→ Data for processing
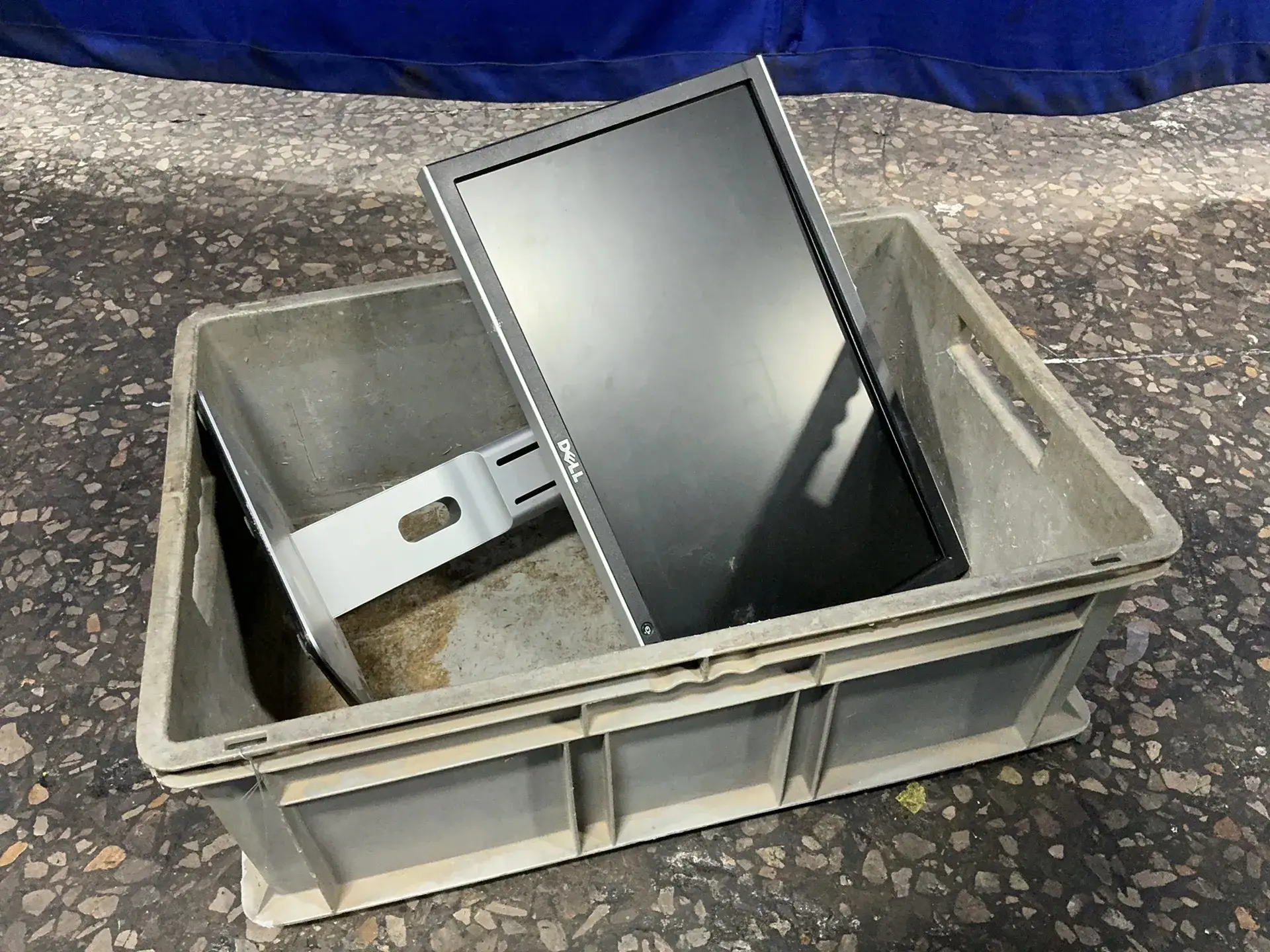 Used DELL, INC. 1908WFPT Interface Monitors Ohio US | HGR 24 #1230579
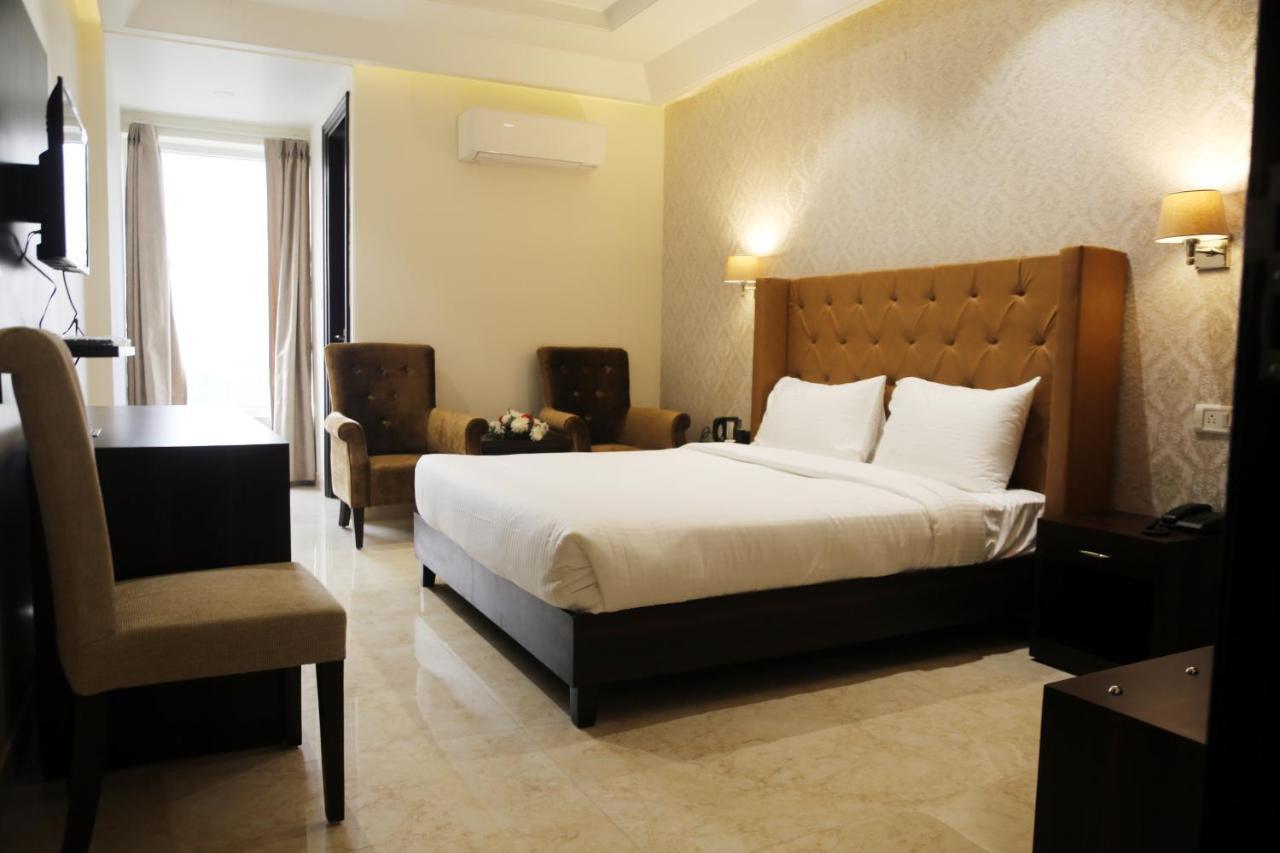 Awadh Inn Noida Kültér fotó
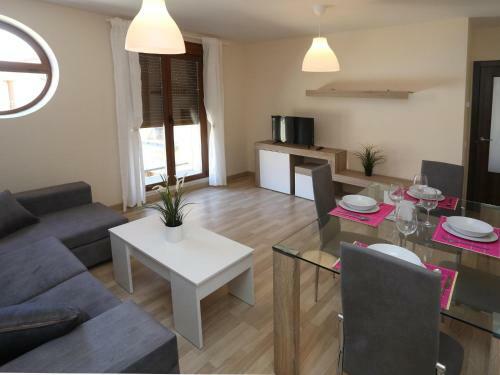 Apartamento Turisticos Puente Romano P3 1-a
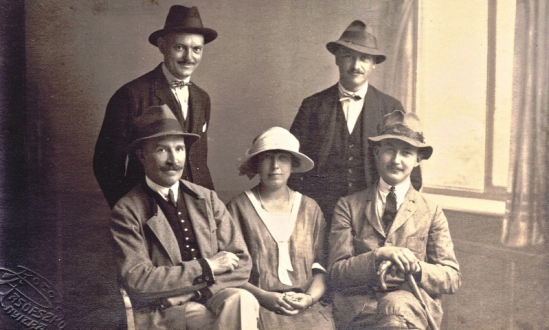 Ülnek: Károly, Margit és gróf Esterházy János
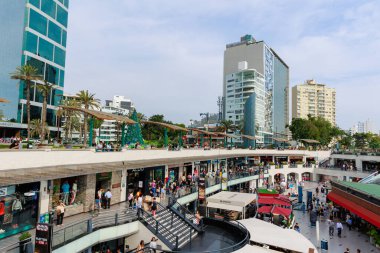 Lima Peru. Ocak 2025. Larcomar Alışveriş Merkezi, alışveriş yapmak ve Malecn de Miraflores boyunca gezmek için bir yer, yamaç paraşütü gibi macera sporları yapmak veya Çin parkını ziyaret etmek gibi..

→ Your objective
Print each line above exactly as it appears, excluding all images.

→ The completed task
 Used DELL, INC. 1908WFPT Interface Monitors Ohio US | HGR 24 #1230579
 Awadh Inn Noida Kültér fotó
 Apartamento Turisticos Puente Romano P3 1-a
 Ülnek: Károly, Margit és gróf Esterházy János
 Lima Peru. Ocak 2025. Larcomar Alışveriş Merkezi, alışveriş yapmak ve Malecn de Miraflores boyunca gezmek için bir yer, yamaç paraşütü gibi macera sporları yapmak veya Çin parkını ziyaret etmek gibi..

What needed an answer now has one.